##### RECORDS FOR PROCESSING #####

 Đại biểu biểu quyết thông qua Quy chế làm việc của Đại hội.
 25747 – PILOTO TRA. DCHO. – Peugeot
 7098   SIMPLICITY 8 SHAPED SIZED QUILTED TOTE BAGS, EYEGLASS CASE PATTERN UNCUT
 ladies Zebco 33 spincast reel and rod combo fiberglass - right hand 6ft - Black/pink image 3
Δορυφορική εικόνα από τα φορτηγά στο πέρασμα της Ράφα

#####
##### RECORDS FOR PROCESSING #####

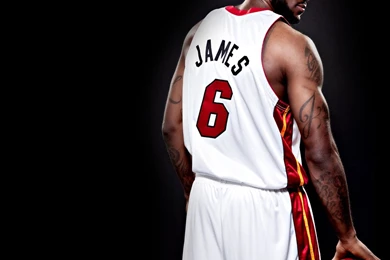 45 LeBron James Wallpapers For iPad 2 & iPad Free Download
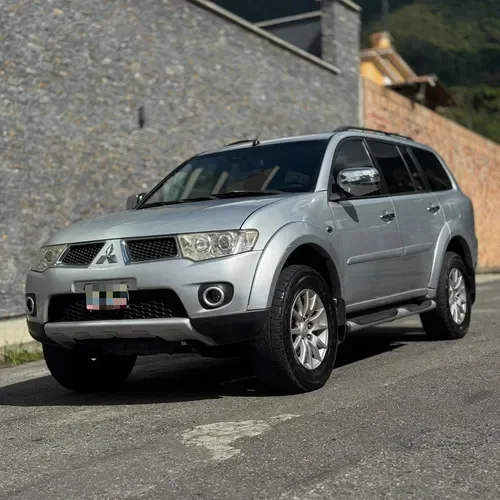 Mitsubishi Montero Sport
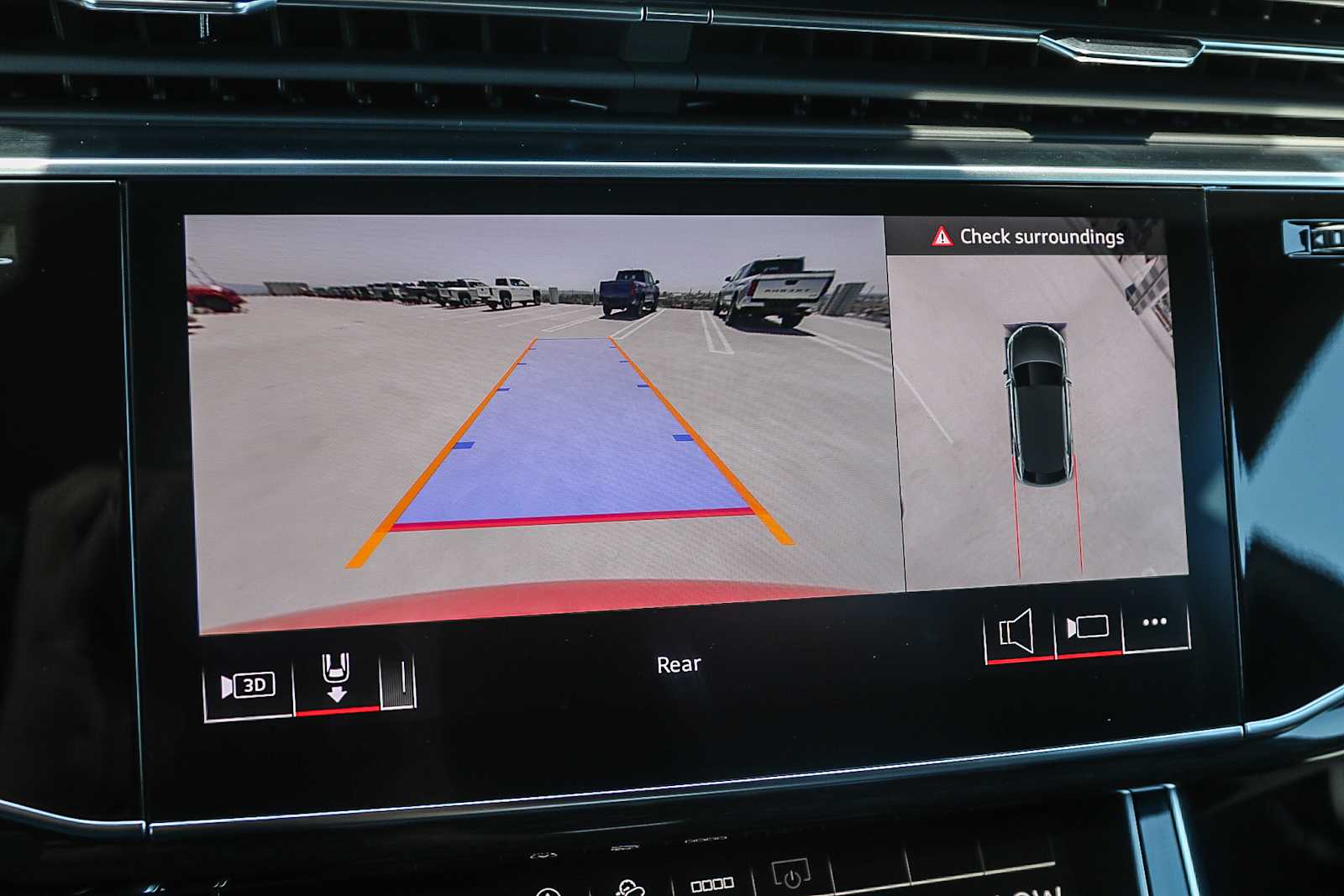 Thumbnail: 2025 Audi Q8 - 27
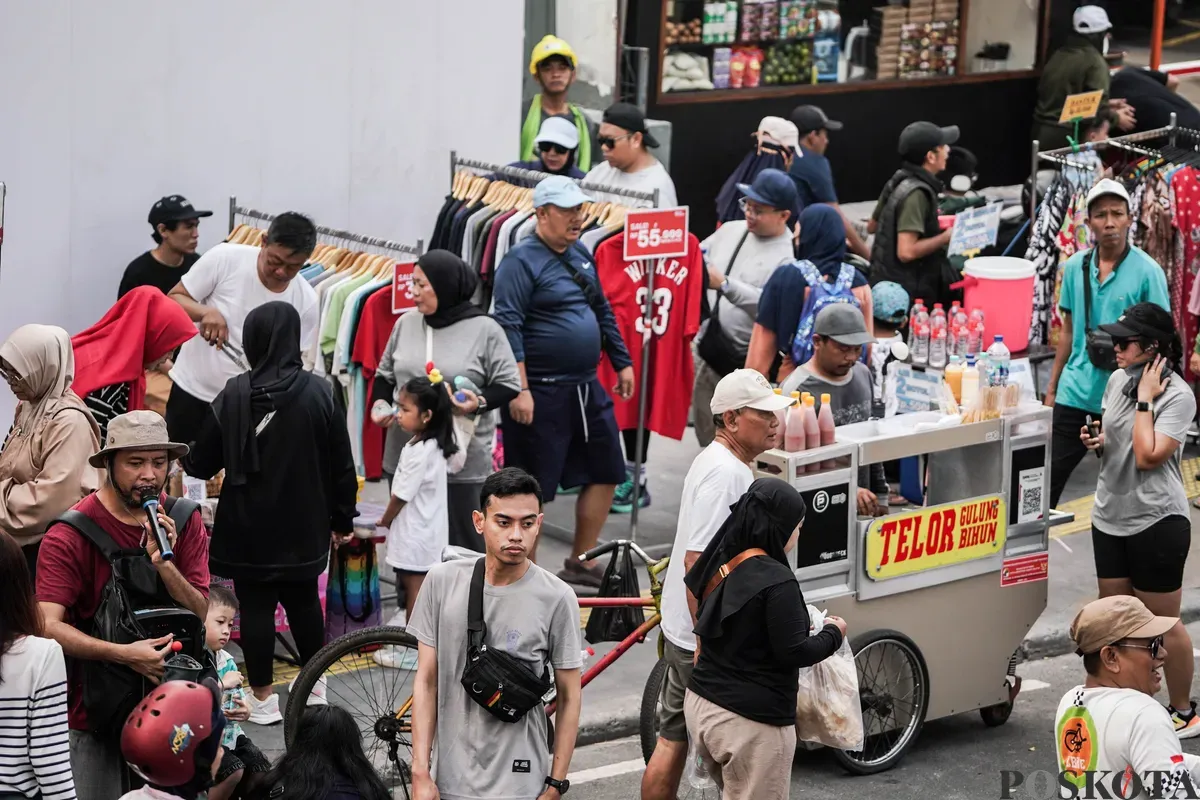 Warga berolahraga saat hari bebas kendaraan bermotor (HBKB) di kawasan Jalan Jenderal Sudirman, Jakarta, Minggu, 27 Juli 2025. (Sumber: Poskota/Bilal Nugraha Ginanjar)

#####

WORK INSTRUCTION - Return, exactly as they stand, the lines above from the one with "45 LeBron James" to the one with "Warga berolahraga saat", omitting any pictures among them.

RESPONSE TO THE EXERCISE -
 45 LeBron James Wallpapers For iPad 2 & iPad Free Download
 Mitsubishi Montero Sport
 Thumbnail: 2025 Audi Q8 - 27
 Warga berolahraga saat hari bebas kendaraan bermotor (HBKB) di kawasan Jalan Jenderal Sudirman, Jakarta, Minggu, 27 Juli 2025. (Sumber: Poskota/Bilal Nugraha Ginanjar)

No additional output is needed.